**Data records**:
-- Opening Marker --
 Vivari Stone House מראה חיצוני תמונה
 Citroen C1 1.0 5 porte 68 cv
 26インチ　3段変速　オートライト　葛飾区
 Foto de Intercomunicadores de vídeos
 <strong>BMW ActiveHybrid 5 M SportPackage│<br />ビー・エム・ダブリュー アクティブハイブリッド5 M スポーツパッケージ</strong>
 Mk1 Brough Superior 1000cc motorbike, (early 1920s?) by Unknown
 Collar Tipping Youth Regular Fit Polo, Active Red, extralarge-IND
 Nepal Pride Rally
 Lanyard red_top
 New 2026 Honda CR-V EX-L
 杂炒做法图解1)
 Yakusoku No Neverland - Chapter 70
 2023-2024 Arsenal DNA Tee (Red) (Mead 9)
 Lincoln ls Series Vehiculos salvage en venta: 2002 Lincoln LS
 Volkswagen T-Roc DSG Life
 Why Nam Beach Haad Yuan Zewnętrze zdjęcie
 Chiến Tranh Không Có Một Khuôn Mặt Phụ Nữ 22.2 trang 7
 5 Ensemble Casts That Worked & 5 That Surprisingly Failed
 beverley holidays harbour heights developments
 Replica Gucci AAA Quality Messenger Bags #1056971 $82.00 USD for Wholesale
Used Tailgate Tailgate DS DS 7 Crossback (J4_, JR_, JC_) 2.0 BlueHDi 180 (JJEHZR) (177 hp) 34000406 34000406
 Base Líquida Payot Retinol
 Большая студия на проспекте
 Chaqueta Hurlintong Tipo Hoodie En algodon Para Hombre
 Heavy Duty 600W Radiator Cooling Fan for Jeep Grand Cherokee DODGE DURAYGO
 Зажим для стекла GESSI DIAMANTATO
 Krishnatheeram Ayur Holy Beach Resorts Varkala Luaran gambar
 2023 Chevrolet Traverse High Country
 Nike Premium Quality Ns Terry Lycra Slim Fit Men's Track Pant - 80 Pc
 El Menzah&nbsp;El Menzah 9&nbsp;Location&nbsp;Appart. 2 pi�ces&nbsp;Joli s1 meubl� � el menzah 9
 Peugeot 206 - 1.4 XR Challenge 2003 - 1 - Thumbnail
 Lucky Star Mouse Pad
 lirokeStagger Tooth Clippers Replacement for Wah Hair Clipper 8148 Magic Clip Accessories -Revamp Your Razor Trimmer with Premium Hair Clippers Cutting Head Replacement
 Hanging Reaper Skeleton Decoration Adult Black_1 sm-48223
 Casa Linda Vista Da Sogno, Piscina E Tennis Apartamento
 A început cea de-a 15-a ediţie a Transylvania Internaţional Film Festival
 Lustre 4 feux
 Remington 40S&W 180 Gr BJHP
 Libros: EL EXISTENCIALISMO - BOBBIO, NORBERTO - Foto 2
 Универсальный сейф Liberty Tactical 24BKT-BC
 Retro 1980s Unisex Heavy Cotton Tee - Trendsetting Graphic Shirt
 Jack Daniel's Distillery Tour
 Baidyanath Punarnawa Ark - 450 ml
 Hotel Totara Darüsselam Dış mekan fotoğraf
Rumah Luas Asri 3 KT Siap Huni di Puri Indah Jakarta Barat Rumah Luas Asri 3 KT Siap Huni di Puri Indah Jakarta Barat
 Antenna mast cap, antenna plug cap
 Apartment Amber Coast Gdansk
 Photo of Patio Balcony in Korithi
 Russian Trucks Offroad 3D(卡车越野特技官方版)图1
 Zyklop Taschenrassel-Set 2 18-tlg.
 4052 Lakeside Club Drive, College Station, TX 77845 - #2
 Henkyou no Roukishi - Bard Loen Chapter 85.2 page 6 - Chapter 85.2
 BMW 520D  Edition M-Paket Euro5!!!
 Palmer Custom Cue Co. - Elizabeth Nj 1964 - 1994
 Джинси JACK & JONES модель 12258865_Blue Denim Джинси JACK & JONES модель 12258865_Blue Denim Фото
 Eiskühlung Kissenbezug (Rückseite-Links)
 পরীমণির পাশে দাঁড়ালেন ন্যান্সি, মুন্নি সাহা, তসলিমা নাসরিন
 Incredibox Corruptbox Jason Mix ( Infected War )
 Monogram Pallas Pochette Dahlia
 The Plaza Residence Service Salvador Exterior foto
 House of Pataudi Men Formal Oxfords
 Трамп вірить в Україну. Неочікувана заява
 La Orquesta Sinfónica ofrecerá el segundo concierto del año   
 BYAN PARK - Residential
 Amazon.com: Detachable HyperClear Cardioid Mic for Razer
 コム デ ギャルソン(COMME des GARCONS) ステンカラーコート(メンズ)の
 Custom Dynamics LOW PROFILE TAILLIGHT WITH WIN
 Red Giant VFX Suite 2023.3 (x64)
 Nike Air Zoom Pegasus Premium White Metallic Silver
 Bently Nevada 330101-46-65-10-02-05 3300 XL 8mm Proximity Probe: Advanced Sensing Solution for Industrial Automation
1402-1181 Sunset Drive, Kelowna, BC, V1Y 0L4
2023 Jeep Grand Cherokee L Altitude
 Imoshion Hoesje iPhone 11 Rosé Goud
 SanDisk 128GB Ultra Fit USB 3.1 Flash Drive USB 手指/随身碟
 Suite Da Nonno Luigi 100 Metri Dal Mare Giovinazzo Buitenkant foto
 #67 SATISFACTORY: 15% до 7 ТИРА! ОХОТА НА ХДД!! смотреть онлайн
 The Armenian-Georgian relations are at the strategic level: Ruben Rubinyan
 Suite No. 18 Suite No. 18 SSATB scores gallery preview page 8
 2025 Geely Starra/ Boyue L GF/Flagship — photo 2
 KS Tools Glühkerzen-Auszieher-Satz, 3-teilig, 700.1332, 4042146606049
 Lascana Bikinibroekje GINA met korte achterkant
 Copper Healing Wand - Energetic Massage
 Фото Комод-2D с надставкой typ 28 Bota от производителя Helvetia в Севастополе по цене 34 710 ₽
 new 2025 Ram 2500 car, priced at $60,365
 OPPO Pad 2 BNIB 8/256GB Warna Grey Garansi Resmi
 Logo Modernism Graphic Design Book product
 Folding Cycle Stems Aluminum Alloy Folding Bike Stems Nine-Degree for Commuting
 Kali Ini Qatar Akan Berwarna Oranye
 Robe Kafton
-- Closing Marker --
**Work instructions**:
Above are the records. Print exactly, and only, the lines from the line with "BYAN PARK - Residential" to the line with "Nike Air Zoom", both inclusive.

**Reply**:
 BYAN PARK - Residential
 Amazon.com: Detachable HyperClear Cardioid Mic for Razer
 コム デ ギャルソン(COMME des GARCONS) ステンカラーコート(メンズ)の
 Custom Dynamics LOW PROFILE TAILLIGHT WITH WIN
 Red Giant VFX Suite 2023.3 (x64)
 Nike Air Zoom Pegasus Premium White Metallic Silver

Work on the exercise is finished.